先週末にかけてマサチューセッツ州では、同州のチャーリー・ベーカー知事が「屋内退避」命令の準備をしているという噂が広がった。パニックに陥った市民は、州内の食品雑貨店やガソリンスタンド、コンビニエンスストアで、トイレットペーパーや洗浄用具、パスタ、ピーナツバターなどあらゆる物資を買い占めた。3月17日の聖パトリックの祝日のパレードやボストンマラソンなどのイベントは中止され、飲食店や人々が集う場所が閉鎖される中、ベーカー知事は「皆さん、正当なところから情報を入手してください。友達の友達の友達の友達から得てはいけません」と噂に対し返答した。
この噂はどこから出たのだろうか? 一般に知られたある陰謀論者のブログが、ソーシャルメディアで広まっていた。そして、おそらく住民にボストンマラソン爆弾テロ事件の記憶がよみがえり、危機的状況の中で何が起こりうるかを痛々しく思い出させたのだろう。
新型コロナウイルス(SARS-CoV-2)による大規模な閉鎖が広がる中で、ソーシャルメディアはこれまでになく重要な存在となっている。ソフトな隔離状態を強いられる中で、フェイスブックやツイッターなどのサービスは渇望される「息抜き」としての役割だけでなく、日々の生活の基盤として、家族や友人、同僚などを繋ぐ重要なパイプとしてのまったく新しい力を持ち始めている。人々が物理的にもっと隔離された状態になれば、タイムリーな地域の情報をますます求めるようになり、ソーシャルメディアとWebは世界の情報に対するニーズを満たす責を負うようになるだろう。

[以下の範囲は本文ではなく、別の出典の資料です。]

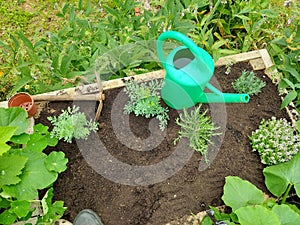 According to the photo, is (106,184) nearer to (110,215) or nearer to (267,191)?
(110,215)

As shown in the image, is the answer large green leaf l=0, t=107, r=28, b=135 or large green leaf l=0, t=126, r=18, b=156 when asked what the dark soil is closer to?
large green leaf l=0, t=107, r=28, b=135

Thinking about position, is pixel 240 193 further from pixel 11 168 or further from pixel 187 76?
pixel 11 168

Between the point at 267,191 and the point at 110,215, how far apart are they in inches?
35.4

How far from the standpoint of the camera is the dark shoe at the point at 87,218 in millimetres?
2107

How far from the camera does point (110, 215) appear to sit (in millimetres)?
2193

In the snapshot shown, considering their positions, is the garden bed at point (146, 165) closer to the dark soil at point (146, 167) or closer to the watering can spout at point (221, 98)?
the dark soil at point (146, 167)

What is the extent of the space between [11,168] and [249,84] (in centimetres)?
151

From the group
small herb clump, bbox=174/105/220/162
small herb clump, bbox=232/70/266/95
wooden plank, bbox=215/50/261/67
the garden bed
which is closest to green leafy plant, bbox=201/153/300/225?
the garden bed

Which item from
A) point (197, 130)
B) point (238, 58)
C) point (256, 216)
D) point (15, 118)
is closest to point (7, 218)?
point (15, 118)

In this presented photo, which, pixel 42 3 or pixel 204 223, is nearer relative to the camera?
pixel 204 223

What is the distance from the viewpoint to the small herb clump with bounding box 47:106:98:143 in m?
2.33

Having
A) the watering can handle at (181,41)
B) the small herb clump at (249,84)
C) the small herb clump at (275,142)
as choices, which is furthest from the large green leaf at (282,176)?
the watering can handle at (181,41)

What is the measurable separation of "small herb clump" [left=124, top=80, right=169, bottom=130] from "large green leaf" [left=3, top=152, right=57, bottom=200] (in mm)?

とはいえ、世界保健機関(WHO)は、新型コロナウイルス感染症(COVID-19)のパンデミック(世界的な流行)と戦いながら、インフォデミックとも戦わなければならないと頭を悩ませている。WHOはインフォデミックを、「正確な情報と不正確な情報が混在する情報過多の状態により、人々が必要な時に信頼できる情報源や頼りになるガイダンスを見つけにくくなること」と定義している。週末の記者会見でベーカー知事は、テレビや新聞は情報を入手する最も確かな方法だと聴衆に念を押し、ソーシャルメディアに依存しないよう警告した。